HanSathanas, December 11th, 2013

Not too exciting, not too disappointing. I sort of have this mixed feeling towards Deicide post ‘The Stench of Redemption’ era. Being a fanboy of the band, I should say that the latter release is up there with the eponymous debut and Legion. Anything recorded by the band after those two releases are still damn good too, particularly the bass-heavy ‘Once Upon the Cross’ and the ugly punch in the gut ‘Serpents of the Light’. Up to that point, I still am hopeful that Deicide will dutifully fulfill their fans’ need by perpetuating their trademark blasphemous brand of death metal. No trends. No sellouts. Satan to the bone!
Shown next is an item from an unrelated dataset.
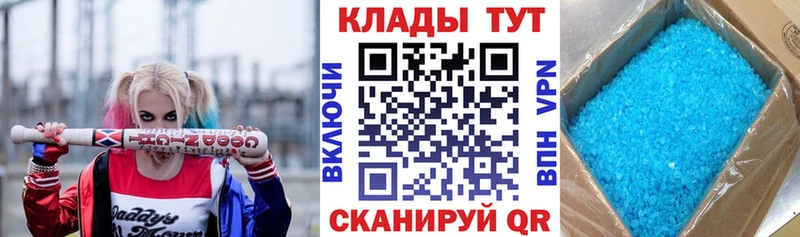 Купить Нариманов МДМА  Марихуана  Меф мяу мяу  СОЛЬ  Гашиш  Cocaine 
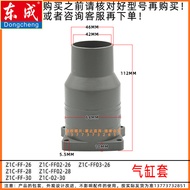 Dongcheng Z1C-FF-26/02-26/03-26 Electric Hammer Impact Hammer Drill Cylinder Sleeve Aluminum Sleeve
I still considered Insineratehymn as good death metal record of the millennium. There’s nothing fantastic about it except that it is still listenable and memorable unlike its terrible follow up ‘In Torment in Hell’. Bad production, conventional and predictable song structures, plenty of nice tremolo pickings, but that’s all there is to it. With ‘Scars of the Crucifix’, the Hoffman brothers do come up with some fucking heavy riffs, especially on the album title track and the Satan-loving anthem ‘When Heaven Burns’. Those two songs stand out on their own. The rest is just fillers, evidence of a band that is already running low on creativity, like an old freight train sighing black smoke after years of self-inflicted abuse. When the Hoffman brothers quit the band after ‘Scars…’, I may not be the one who questioned the overall future of Deicide. Will they ever be the same? Are we seeing the beginning of an end for Benton and fellow marksman Steve Asheim? It’s a decision that disappoints me quite a bit at first, knowing that both Eric and Brian are highly talented guitarists in their own special way. It doesn’t matter who’s the bad guy, the future of one of my favorite bands is stake here! Thank God, or thank Satan, that Benton and Asheim decided to hire Ralph Santolla and Jack Owen, big surprise. Since it is known before that Owen appears to lose interest in metal as seen in Centuries of Torment DVD where he just plays guitar with heart and mind void of passion and enthusiasm. Of course, ‘The Stench of Redemption’ is an album that will always be my favorite after the first four. Owen and Santolla showcased a level of musicality previously unheard of in Deicide; abundance of melodic and catchy riffs that always make me hum to each song in the album. Alas, this brief return to form is cut short by two crappy follow ups. Enough said.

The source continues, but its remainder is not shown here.